The result of the function is an integer indicating the current state of the stream, one of these four global constants:

§ STREAM_AWAIT_CLOSED: the stream is now closed.

§ STREAM_AWAIT_READY: the stream is now readable or writable (depending on what was passed as $events).

§ STREAM_AWAIT_TIMEOUT: the stream is in the same state as before, but the timeout triggered.

§ STREAM_AWAIT_ERROR: an error occurred.

stream_await() is similar to stream_select() in functionality—waiting for a stream to enter an interesting state—but it doesn’t have the multiplexing functionality of stream_select(). You can use HH\Asio\v() to await multiple stream wait handles simultaneously, but the resulting combined wait handle won’t complete until all of its constituent stream wait handles have completed. You can work around this, by wrapping putting the call to stream_await() inside another async function that uses the stream’s result:

async function read_all(array<resource> $fps): Awaitable<void> {

$read_single = async function(resource $fp) {

$status = await stream_await($fp, STREAM_AWAIT_READ, 1.0);

if ($status == STREAM_AWAIT_READY) {

// Read from stream

// ...

}

};

await HH\Asio\v(array_map($read_single, $fps));

}


[23] These functions are built into HHVM; they’re not part of asio-utilities. You can use them without installing the library.

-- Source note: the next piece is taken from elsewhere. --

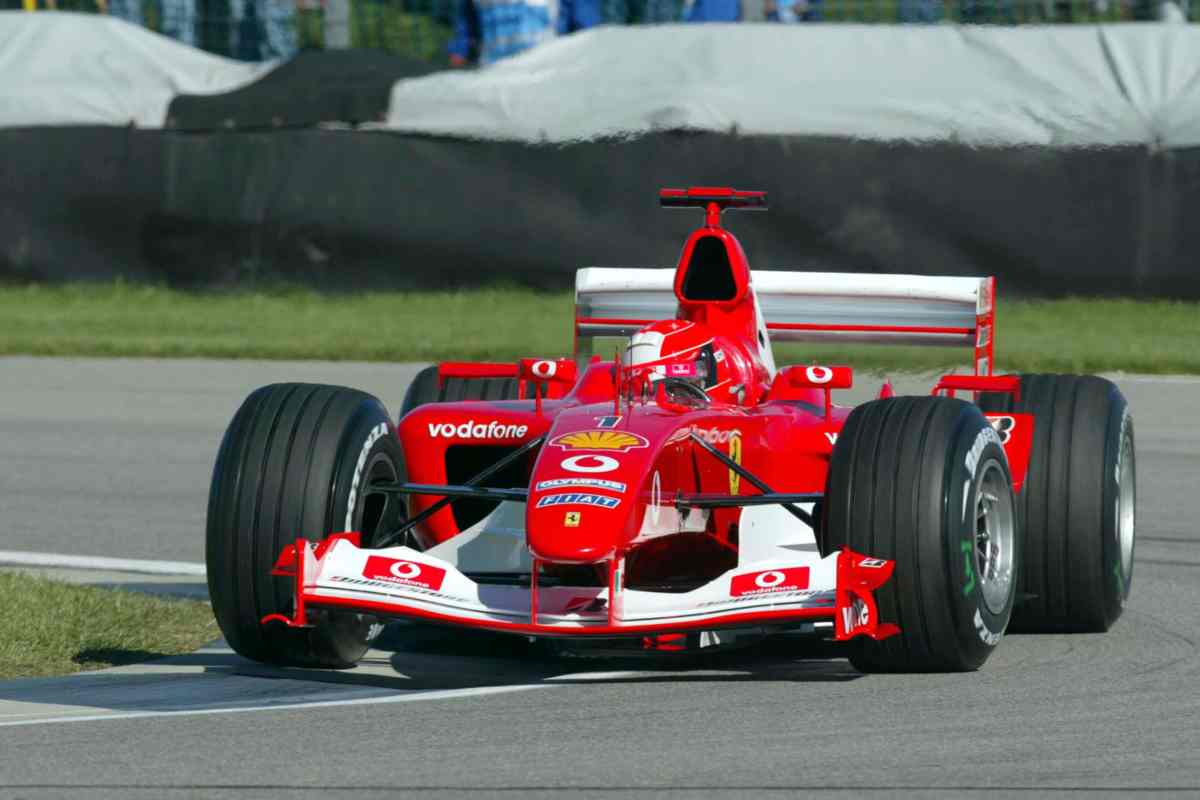 Leclerc guida Ferrari di Schumacher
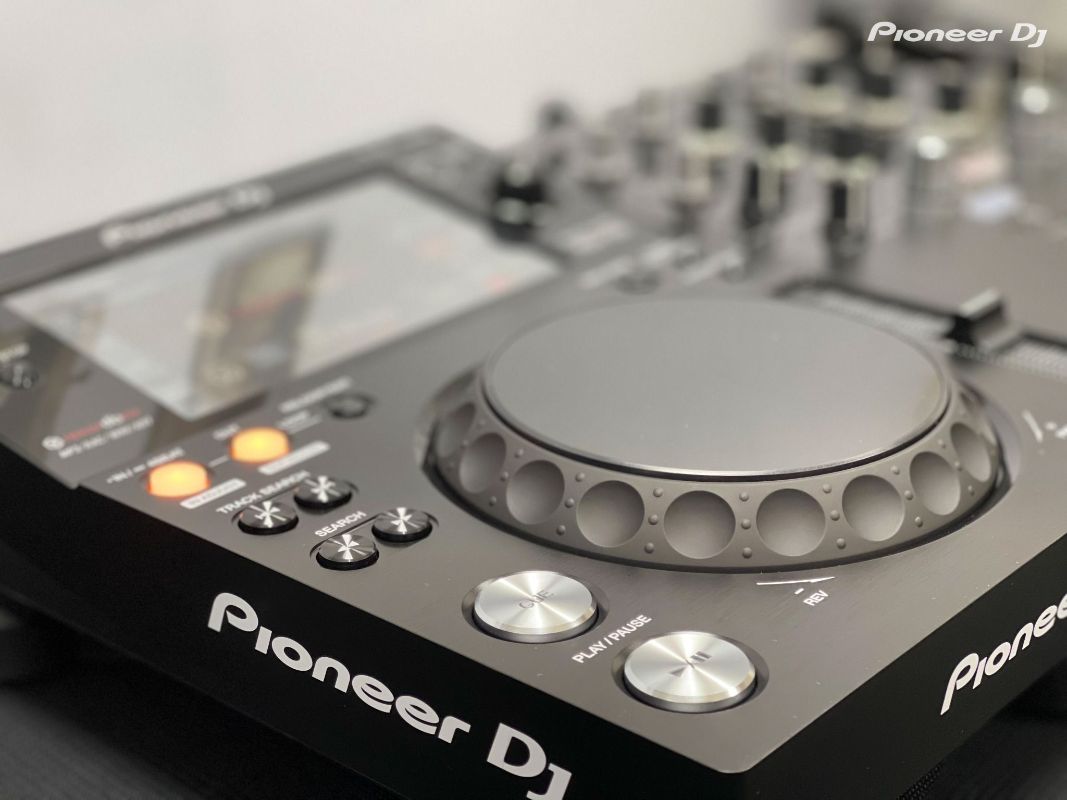 ban-dj-pioneer-xdj-700-gia-tot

[24] HH\Asio\join() is part of asio-utilities, but in future, it will be built into HHVM. In general, asio-utilities is where the team tests new async APIs before building them into HHVM itself.

[25] As it is, with the restrictions on where await can appear, there’s no way for an async function to get suspended in the middle of evaluating an expression. If await could appear anywhere, we would confront the issue of how to efficiently store the intermediate evaluation state of the expression, which isn’t as straightforward as it may sound.

[26] See MySQL for details on the async MySQL API.

[27] This may seem odd, since a typical, normalized database schema wouldn’t require the intermediate step of fetching comment IDs. However, in denormalized schemas—which have their merits, and are used in practice—this might not be possible.

[28] Measuring time on computers is always a tricky business. The timespan for which HH\Asio\usleep() actually sleeps may not be accurate to the microsecond, for various reasons, not least of which is the fact that the “clock” that underlies it varies according to what is available in the operating system and hardware where HHVM is running.

[29] Async has been extensively used within Facebook for some time, but with internal-only async extensions.

[30] There are two extensions for talking to memcached. Memcached is newer and supports more memcached features, so it’s generally recommended for use over Memcache.